La perpétuité de l’exception de nullité tant que le contrat n’a pas reçu de commencement d’exécution est consacrée (art. 1185). Est ainsi consacrée une jurisprudence constante selon laquelle « l’exception de nullité peut seulement jouer pour faire échec à la demande d’exécution d’un acte juridique qui n’a pas encore été exécuté »[3]. La perpétuité de l’exception de nullité a donc un champ d’application en réalité très restreint puisqu’elle ne joue pas en cas de commencement d’exécution du contrat. Cette limite à l’exception de nullité concerne aussi bien les nullités relatives que les nullités absolues[4]. Le commencement d’exécution est de surcroît conçu très extensivement par la jurisprudence : d’une part, il est caractérisé dès lors qu’une obligation quelconque du contrat a commencé à être exécutée, même s’il s’agit d’une obligation accessoire autre que celle dont le paiement est demandé[5]; d’autre part, il est apprécié de façon purement objective, c’est-à-dire qu’il n’est pas nécessaire que le débiteur ait eu connaissance de l’irrégularité au moment où il a commencé à exécuter l’acte[6], contrairement à la confirmation tacite (art. 1182, al. 3). Enfin, le commencement d’exécution fait également obstacle à la perpétuité de l’exception de nullité vis-à-vis des tiers. Une caution qui souhaite se soustraire à son engagement, par nature accessoire, ne peut donc pas invoquer par voie d’exception la nullité du contrat principal si ce dernier a déjà reçu un commencement d’exécution[7].
Pour aller plus loin
(Bibliographie non exhaustive)
- Q. Adrey, P. Bordais et P. Marcou, « Les nullités conventionnelles », La réforme du droit des contrats : actes de colloque, 1ère Journée Cambacérès, 3 juillet 2015, Montpellier, Université de Montpellier, 2015, p. 247.
- D. Boulaud, P. Marcou et J. Pudico, « L’action interrogatoire », La réforme du droit des contrats : actes de colloque, 1ère Journée Cambacérès, 3 juillet 2015, Montpellier, Université de Montpellier, 2015, p. 221.
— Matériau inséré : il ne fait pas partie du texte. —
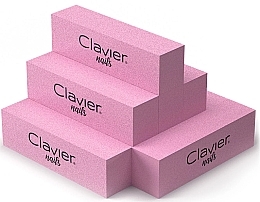 Nail Polishing Block, pink - Clavier — photo N1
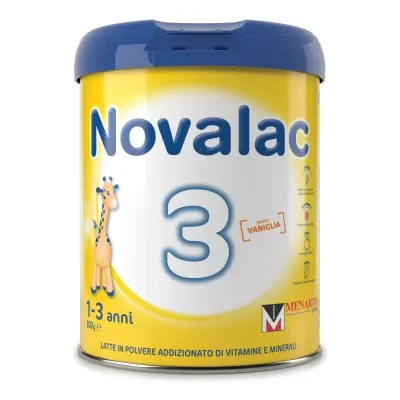 Novalac Latte 3 Polvere 800g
- A. Etienney-de Sainte Marie, « Les nullités », Dr. et patr. n° 258, mai 2016, p. 64.
- J.-F. Hamelin, « La nullité judiciaire », Blog Réforme du droit des obligations, dir. G. Chantepie et M. Latina, billet du 24 mars 2015, http://reforme-obligations.dalloz.fr/2015/03/24/la-nullite-judiciaire/ [consulté le 03/06/2016].
Notes de bas de page
[1] V. par exemple, à propos du dol, Cass. civ. 1re, 4 févr. 1975, n° 72-13.217 : « le droit de demander la nullité d’un contrat par application des articles 1116 et 1117 du code civil n’exclut pas l’exercice, par la victime des manœuvres dolosives, d’une action en responsabilité délictuelle pour obtenir de leur auteur réparation du préjudice qu’elle a subi ».
[2] Loi n° 2008-561 du 17 juin 2008 portant réforme de la prescription en matière civile.
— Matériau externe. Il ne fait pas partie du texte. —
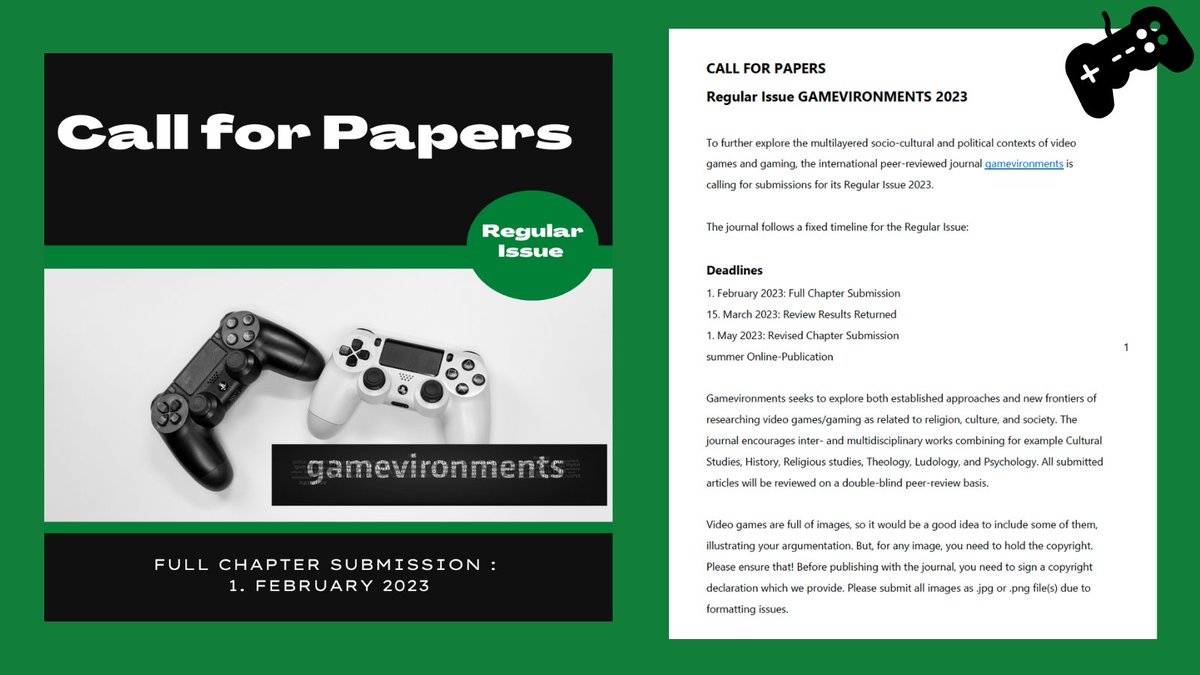 gamevironments tweet media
[3] Cass. civ. 1re, 13 févr. 2007, n° 05-18.097 ; V. aussi Cass. civ. 1re, 1er déc. 1998, n° 96-17.761 qui a un attendu de principe similaire : « si l’exception de nullité est perpétuelle, c’est à la condition qu’elle soit invoquée pour faire échec à la demande d’exécution d’un acte juridique qui n’a pas encore été exécuté ».
[4] Cass. civ. 1re, 24 avr. 2013, n° 11-27.082, confirmé depuis par plusieurs arrêts inédits : Cass. civ. 1re, 30 oct. 2013, n° 12-24.448 ; 22 janv. 2014, n° 12-19.911. Comp. antérieurement : Cass. civ. 1re, 20 mai 2009, n° 08-13.018.
[5] Cass. com., 13 mai 2014, n° 12-28.013.
[6] Cass. civ. 1re, 15 janv. 2015, n° 13-25.512.
[7] Cass. civ. 1re, 9 nov. 1999, n° 97-16.454 ; Cass. com., 6 juin 2001, n° 98-18.928 ; Cass. civ. 1re, 3 juill. 2001, n° 99-19.084.